Oil above $90 changed the tone of the session

The headline catalyst was energy. Crude’s move above the $90 mark gave the market a fresh inflation scare at exactly the wrong moment. Investors had already been trying to digest a weaker economic backdrop, and the jump in oil prices added a second hit by reviving concern that inflation may stay sticky even as growth softens. That is the kind of combination Wall Street dislikes most because it complicates the outlook for monetary policy and earnings at the same time.

Technology shares are especially sensitive to those shifts in expectations. Higher oil prices do not directly hit every Nasdaq-listed company in the same way they affect airlines, freight groups or manufacturers, but they do raise the broader cost of doing business and often push Treasury yields and inflation expectations higher. That tends to reduce enthusiasm for richly valued growth stocks, especially after a long stretch of strong gains in big-cap tech.

Broader Wall Street also finished in the red

The weakness was widespread across the major U.S. indexes. The Dow Jones Industrial Average fell 453.19 points to 47,501.55, while the S&P 500 dropped 90.69 points to 6,740.02. Smaller companies were hit even harder, with the Russell 2000 down 60.27 points to 2,525.30. That broader pattern matters because it shows the Nasdaq decline was not simply a tech-specific pullback. It was part of a larger risk-off move tied to macro pressure, not just sector rotation.
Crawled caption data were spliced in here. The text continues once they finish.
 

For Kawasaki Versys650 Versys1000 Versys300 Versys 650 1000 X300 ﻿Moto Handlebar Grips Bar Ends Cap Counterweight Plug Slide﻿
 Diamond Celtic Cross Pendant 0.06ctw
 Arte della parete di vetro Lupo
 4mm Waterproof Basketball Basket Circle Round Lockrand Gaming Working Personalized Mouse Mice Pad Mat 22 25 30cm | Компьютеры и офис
By the closing bell, investors were weighing whether the market is entering a more difficult stretch where geopolitics, commodities and slowing economic momentum all start pulling in the same negative direction. That helps explain why the sell-off felt heavier than a normal one-day dip and why closing levels across the major benchmarks drew so much attention.

Related market read: Safe-haven flows and inflation worries also lifted gold this week. For more context on the broader commodity move, read this Swikblog report on COMEX gold futures after the weak U.S. jobs report.
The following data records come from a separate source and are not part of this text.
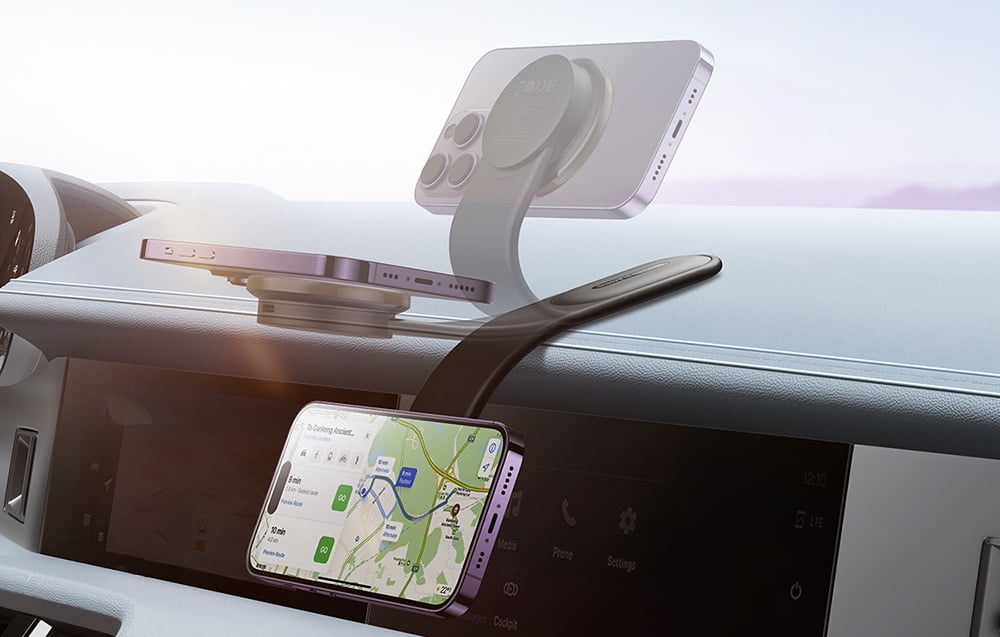 Suport Auto UltraSlim MagSafe Flexibil - Fixare Magnetică Premium!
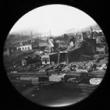 Northwest View from the Courthouse after the Fire; Copelin & Hine, Glass Lantern Slide, 1871 (ichi-64359)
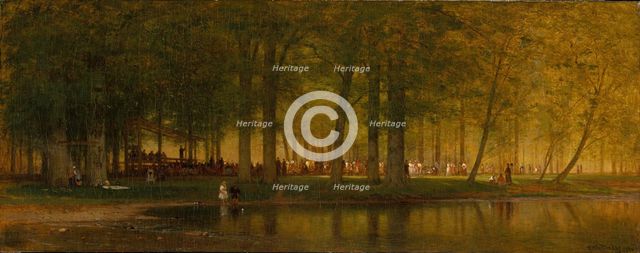 The Camp Meeting, 1874. Creator: Worthington Whittredge.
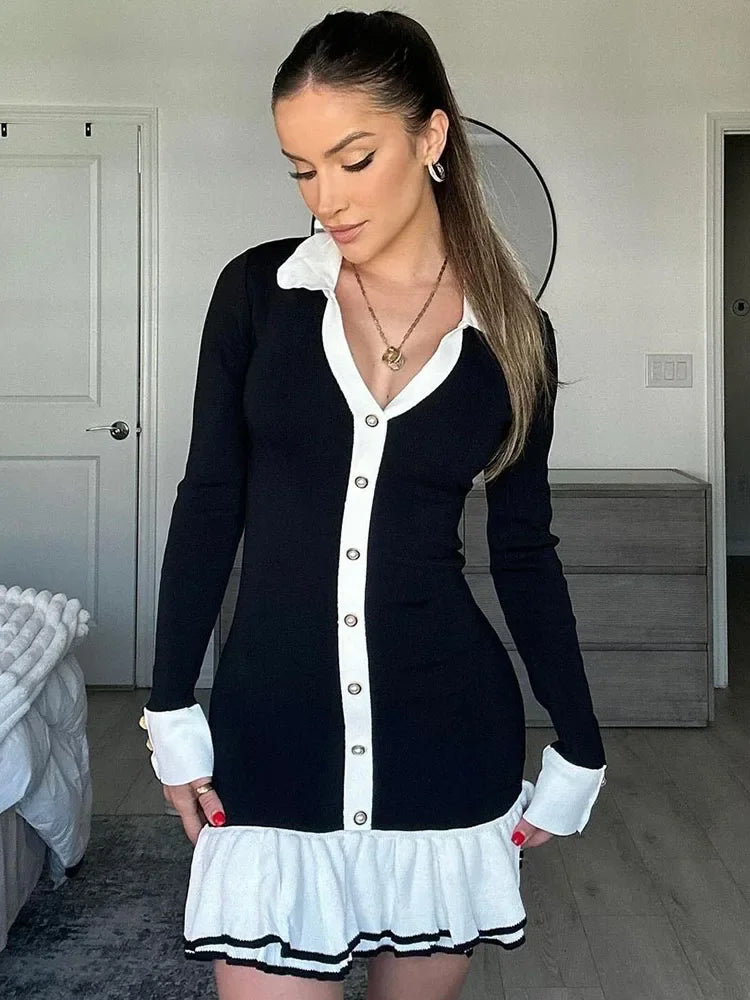 Roos | Korte Jurk Dames | Chic & Trendy Mini Dress Voor Casual & Party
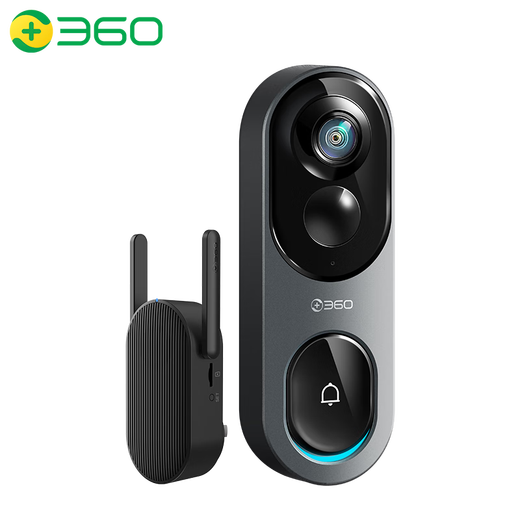 360 Video Türklingel 6Pro 5-Megapixel-Überwachung Smart Doorbell Elektronischer Kamelfisch Augentokla-Kamel-WLAN Mobile Remote-Videoanruf Standard 64G Karten + Kartenleser [neues Produkt] Video Türklingel 6pro (Panorama Ansicht)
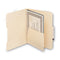 Self-adhesive Folder Dividers With 5.5" Pockets For Top/end Tab Folders, 1 Fastener, Letter Size, Manila, 25/pack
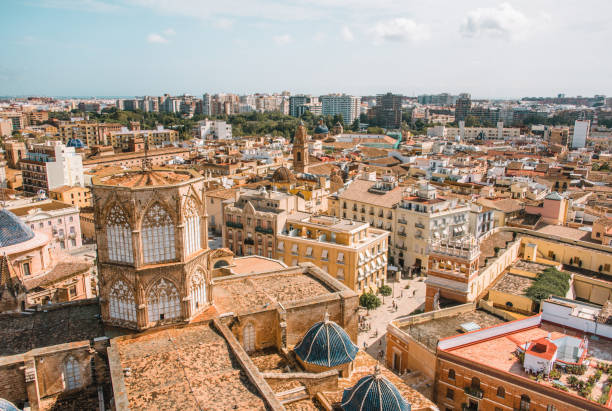 istock Valencia, Spain, as seen from above 1042534788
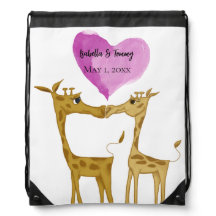 Adorables amantes de la jirafa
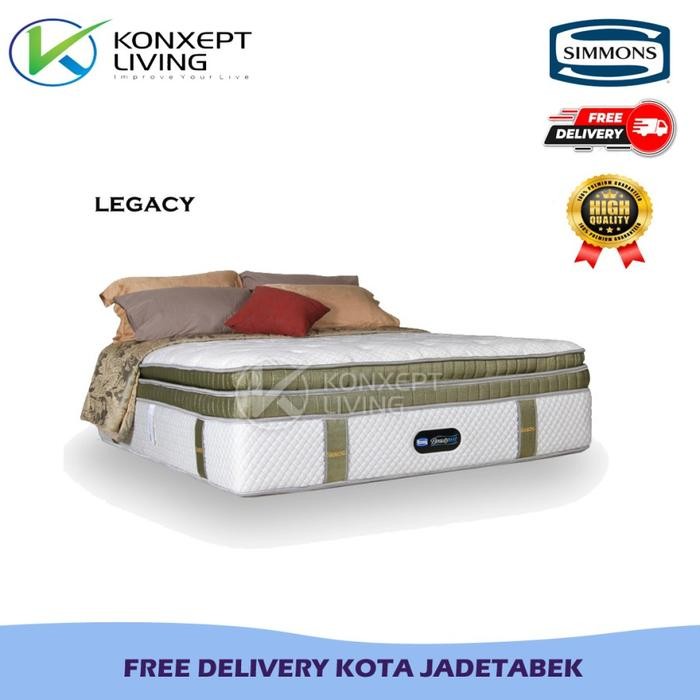 Kasur Simmons Legacy Springbed - 100X200 Springbed (Hanya Kasur)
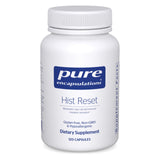 Pure Encapsulations Hist Reset – bouteille 120 capsules, soutien potentiel pour la santé nasale.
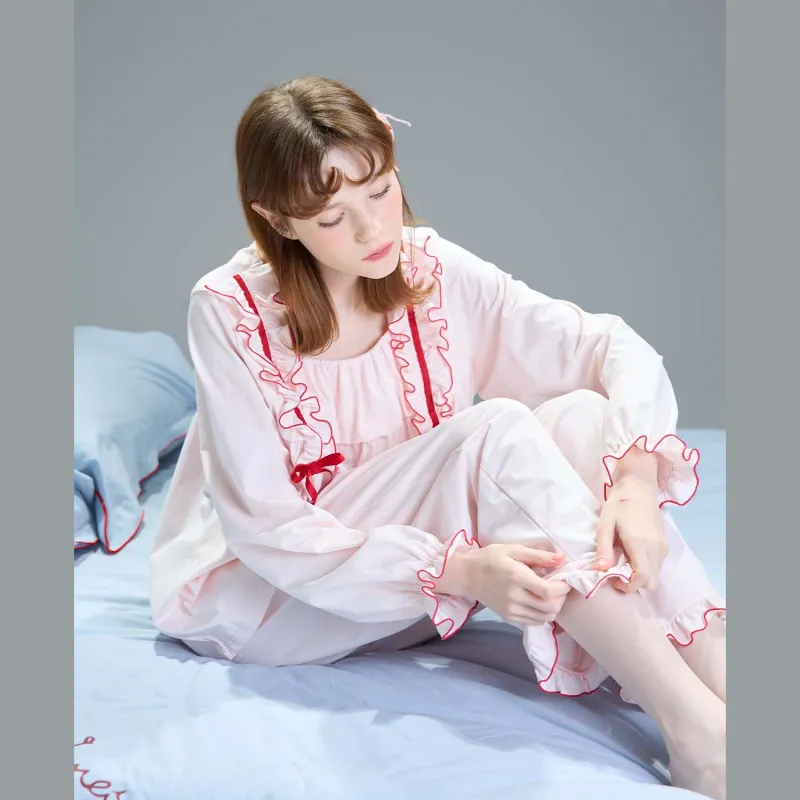 YSO Pajama Set Women's Cherry Blossom Pink-5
Weak U.S. jobs data added to the pressure

Another major reason the Nasdaq struggled was the latest labor market shock. The U.S. economy unexpectedly showed a loss of 92,000 jobs, while the unemployment rate moved up to 4.4%. Under normal conditions, weaker jobs data might support hopes for lower interest rates. But that was not the case here because the simultaneous jump in oil prices raised the risk of persistent inflation. Instead of helping equities, the labor report amplified fears that the economy may be slowing just as energy costs rise.
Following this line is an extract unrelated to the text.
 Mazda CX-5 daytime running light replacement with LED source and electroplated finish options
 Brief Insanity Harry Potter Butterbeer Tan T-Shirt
That is a difficult backdrop for market leadership stocks. If growth cools, earnings assumptions can come under pressure. If oil remains elevated, inflation fears stay alive. And if both happen together, traders become less willing to pay premium multiples for high-growth names. That dynamic was visible in the Nasdaq’s close, with the index ending near the lower portion of its session range after briefly trading much higher earlier in the day.

Why the close matters for next week

The closing level of 22,387.68 now becomes an important marker for traders heading into the new week. After finishing below the opening level and far beneath the prior close, the Nasdaq enters the next stretch of trading with momentum clearly weakened. Investors will now be watching whether oil can hold above $90, whether bond yields continue to react to inflation risk, and whether geopolitical headlines create another push into defensive sectors.

The day’s range also tells an important story. The Nasdaq traded as high as 22,614.41 before sliding toward a low of 22,328.13, showing that sellers gained control as the session progressed. That late-session deterioration is often a sign of caution rather than panic, but it still matters because it suggests investors were not eager to buy the dip aggressively before the weekend.

For now, the market’s message is straightforward. Oil is back at levels that can unsettle inflation expectations, the jobs backdrop has become less reassuring, and the Nasdaq has lost momentum after another risk-off session. Whether this becomes a deeper pullback or just a short-term reset will likely depend on energy prices, incoming economic data and how traders respond once the market reopens.